Televised leaders debates are likely to be staged in Scotland during the election after the heads of Scotland’s main parties gave them their backing today.
Prime Minister Theresa May has ruled out taking part in UK-wide leaders debates, despite her predecessors Gordon Brown and David Cameron taking part at the last two elections.
But the main political leaders in Scotland all gave their support to the televised head-to-head events being staged in the build-up to the June 8 vote.
Tory leader Ruth Davidson said “bring it on” when asked about taking part in a TV debate with the other Scottish leaders.
“I think the difference is in Scotland we’ve kind of always done them,” she said.
“Down south it has been a slightly newer invention, I think David Cameron is the only Conservative leader UK-wide who has ever done them.
“It was Gordon Brown really that helped introduced them.”
She added: “I think we’ve got a really strong message into this general election campaign and I am happy to go on telly ... and to speak to the nation about it.”
First Minister Nicola Sturgeon has also criticised Theresa May declining to take part in a TV debate.
She tweeted: “If PM doesn’t have the confidence to debate her plans on TV with other leaders, broadcasters should empty chair her and go ahead anyway.”
Labour leader Kezia Dugdale said: “In Scotland, we have a longstanding tradition of TV debates and I relish the opportunity to challenge Nicola Sturgeon face-to-face about her reckless plans for a second independence referendum, and to challenge Ruth Davidson about her support for Theresa May’s reckless plans for a hard Brexit.”
Willie Rennie of the Liberal Democrats hit out at the Prime Minister’s decision not to take part in the debates.
He said: “I find it indefensible that that the Prime Minister has already ruled out a TV debate even though it was her that has called this election.

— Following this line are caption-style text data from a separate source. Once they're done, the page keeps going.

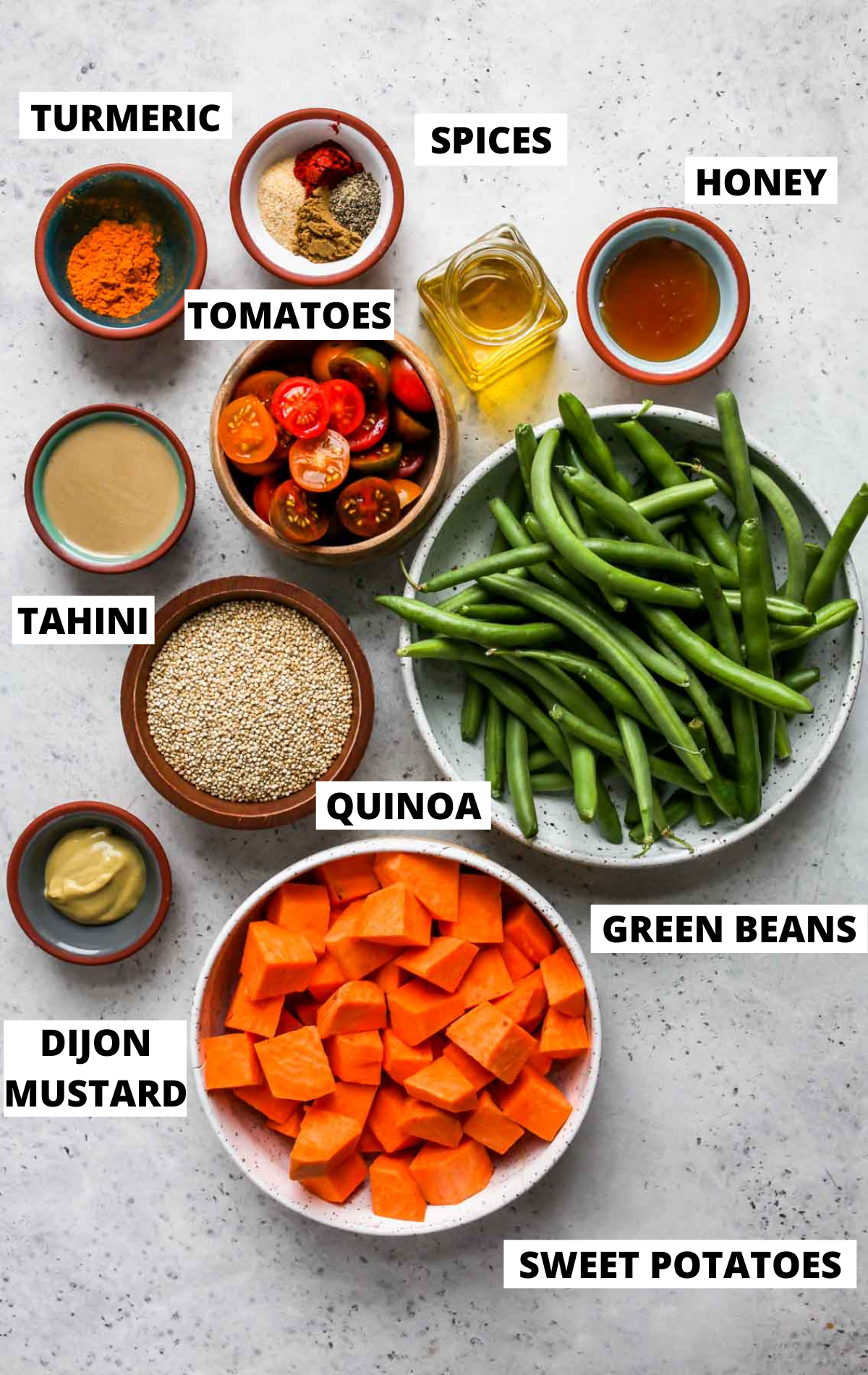 Recipe ingredients in separate bowls on a white board with labels.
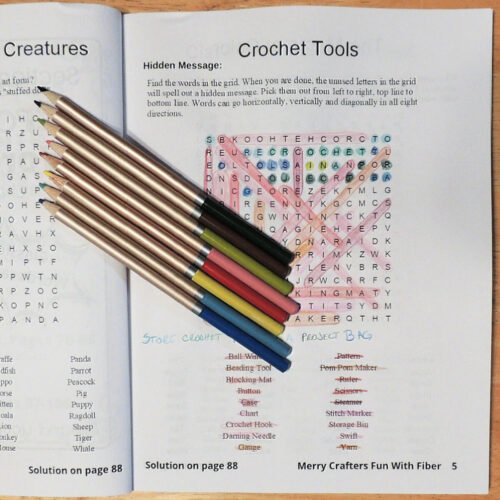 Photo of an activity book page. Page has a crochet tools word search which has been solved with colored pencils.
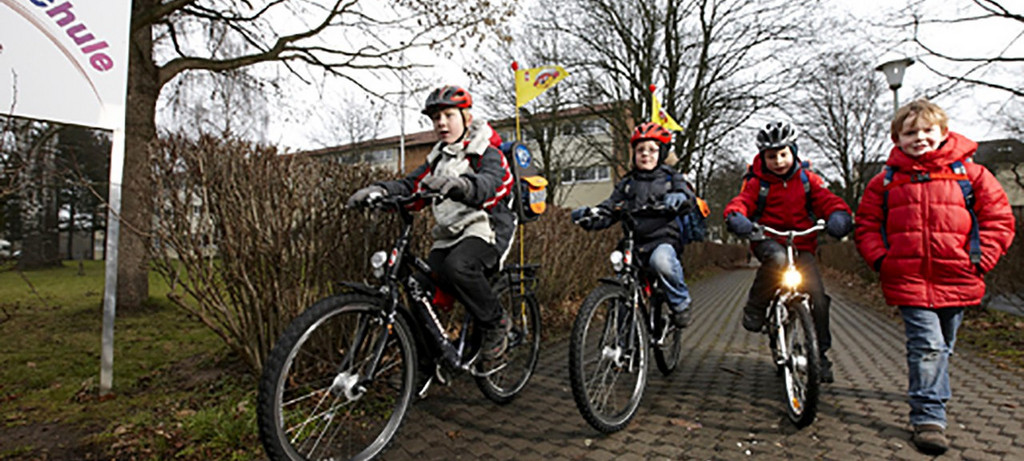 Kinder mit ihren Fahrrädern auf dem Weg zur Schule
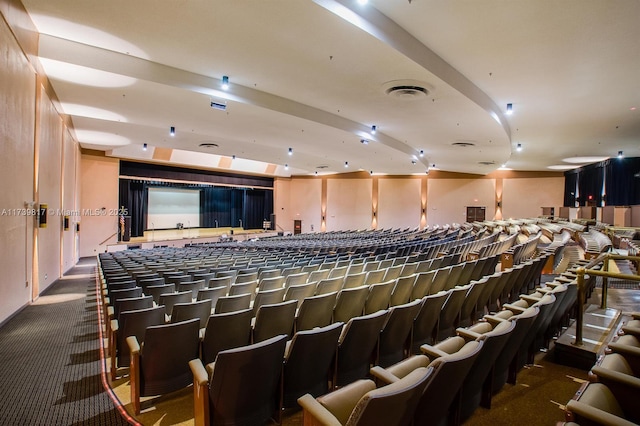 home theater featuring carpet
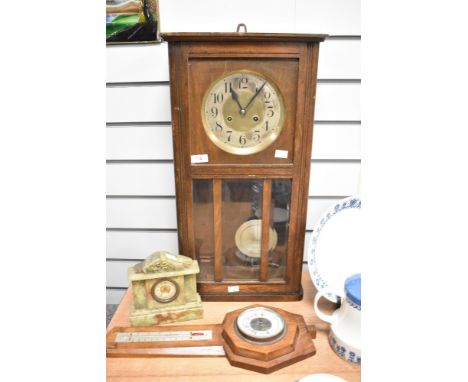 An early 20th century oak cased wall clock, an onyx mantel clock and a barometer.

“This upcoming election is one of the most important that this country has ever had and for politicians to hide away from public scrutiny would be a disservice to the electorate.
“Over the next seven weeks, parties across the spectrum will be campaigning on several issues and the Scottish people have the right to hear from their political leaders.
“Within Scotland we have a range of issues that must be debated.
“From the impact of a hard Tory Brexit in Scotland to the SNP’s attempt to break up the UK; all areas must be under public scrutiny and a leaders’ debate would be the right thing to do.
Mrs May told BBC Radio 4’s Today programme: “We won’t be doing television debates.”